My mind blocks me from time to time with questions, doubts, speculations...black, dark visions of an unemployed artist, but I am trying to trust my instincts, which wisper right directions and ways and even though I have my doubts I have to try and fight!
In the meantime outside the window Autumn slowly replaces Summer with her beautiful colours. I've noticed a week ago falling leaves. Unfortunatelly Summer didn't stay long this year in Sutton.
Prague days are behind and belong to my past but general beauty still stays in my heart and my inner artist still sings beautiful songs about this city, therefore be prepared to see on my blog from time to time remaining sketches from my last trip.
The quality of the pictures of the sketches is not too brilliant but currently I haven't got my scanner so...
yesterday I've started my Mother's portrait which I am going to include in my project.
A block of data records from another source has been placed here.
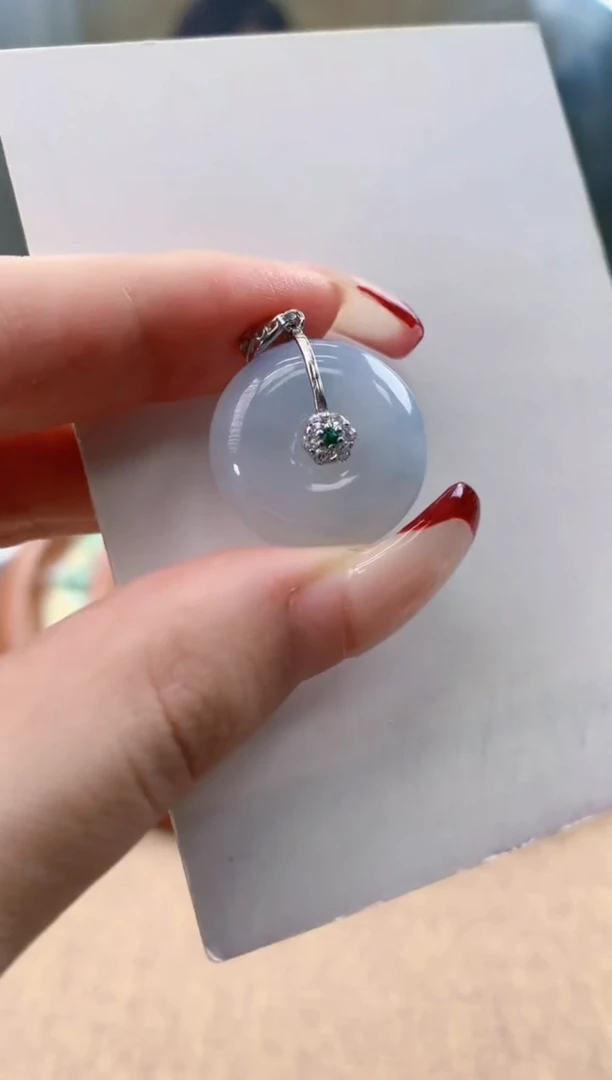 颈饰未镶嵌翡翠 天然A货翡翠挂件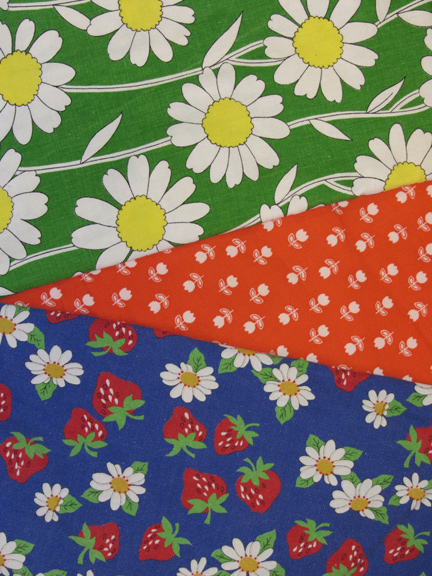 awesome vintage fabric finds for summer skirts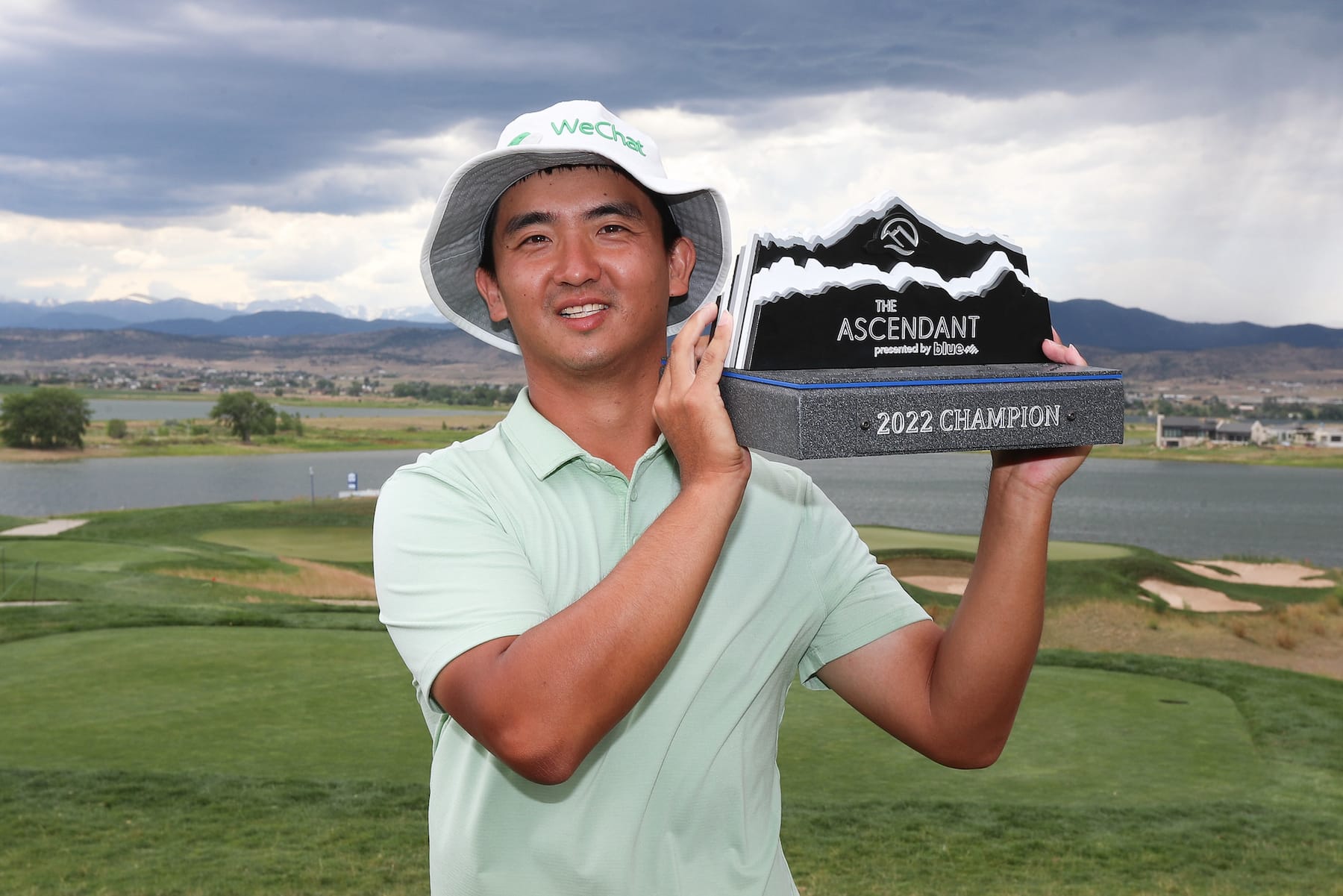 China's Dou Ascends to PGA Tour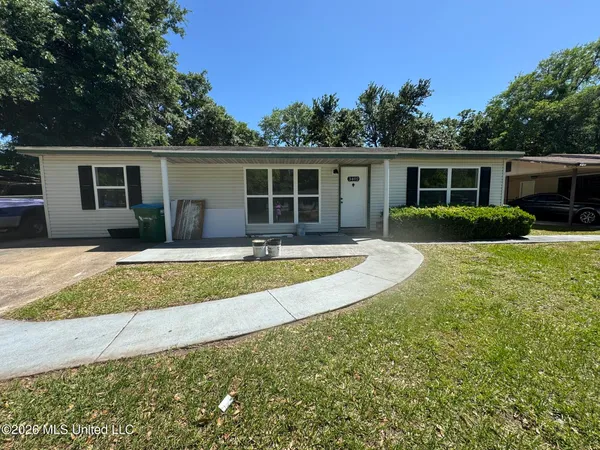 $1,350 | 3402 Chicago Avenue, Pascagoula, MS 39581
I think about her, her strenght, her power and support I've received and still receiving from her and if anyone asked me which women I admire the most - I say "My Mother", and I will always cherish her and will be grateful for everything she's done for me.
I am also going to include portraits of Nad and my sister.
I've noticed that the longer I work on portrait I tend to "destroy" it more...(30 min, mechanical pencil HB)
now that slowly I am breaking through my own doubts I have to focus on creating and action rather than thinking tooooo much.
Joy Journal: "staying in bed till 9 am and peace in me that I do not have to hurry anymore".